Can you proceed from here?

I got the same thing. $$\frac{c}{2} = \frac{2x}{3}$$ but unfortunately I still can't seem to do the right substitution.

Substituting (2x)/3 for c/2 I get the equation:

$$x + \frac{2x}{3} + z = 180$$

This still leaves two variables. I just can't see it for some reason.

This is from a published SAT book from College Board, so I think there is a solution.

cepheid
Staff Emeritus
Gold Member
I, too, assumed that you were meant to solve for z in terms of x, since y was given in terms of x. I don't see what else you can do with it...

cepheid said:
I, too, assumed that you were meant to solve for z in terms of x, since y was given in terms of x. I don't see what else you can do with it...
no no, see how AB = BC, That's a very important clue.
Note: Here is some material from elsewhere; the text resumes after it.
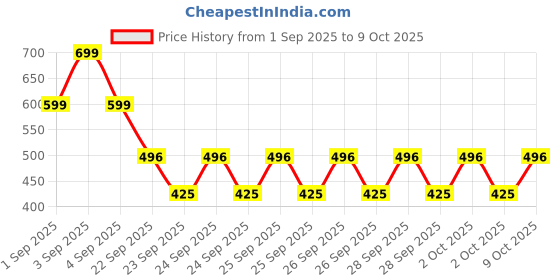 ajio.com point cove Boys Patterned Loose Fit Shirt point cove Price History Graph from 1 Sep 2025 to 9 Oct 2025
We know triangle ABC is an isoceles triangle with angle A = angle C. You can come up with an equation to relate x directly to z and substitute it back into one of the equations to solve for z.

Angle C = 4/3 x = Angle A = z

you should be able to take it from here.

honestrosewater
Gold Member
Eh, doesn't 2z + y = 180? So knowing y = x/3 you can solve for z in terms of x.

Plus, if it's the CB's "10 Real SAT's", it has the answers. And any other SAT prep book should have the answers too.

Last edited:
honestrosewater said:
Eh, doesn't 2z + y = 180? So knowing y = x/3 you can solve for z in terms of x.

Plus, if it's the CB's "10 Real SAT's", it has the answers. And any other SAT prep book should have the answers too.
ok, that equation is essential to solve for z. However, an actual value can be determined here. It's not impossible. I solved it and i got z = 80 degrees. Let me know if you want me to show my work.

apchemstudent... 80 degrees is the correct answer. I would be most gracious if you could show your work.

Jameson

Jameson said:
apchemstudent... 80 degrees is the correct answer. I would be most gracious if you could show your work.

Jameson
ok, we set angle BDC = 180 - x, so that we can solve for Angle BCD

BCD + DBC + CDB = 180 degrees
BCD = 180 -1/3 x - 180 + x
BCD = 2/3 x

BCD = 1/2 BCA so BCA = 4/3 x

Again we know that it is an isoceles triangle with angle BCA = BAC
z = 4/3 x

so BAC + ABC + BCA = 180
z + 1/3 x + 4/3 x = 180
3x = 180
x = 60 <---- you could've substituted x in terms of z and solved for z but i find it easier this way.

now z = 4/3 (60) = 80 degrees.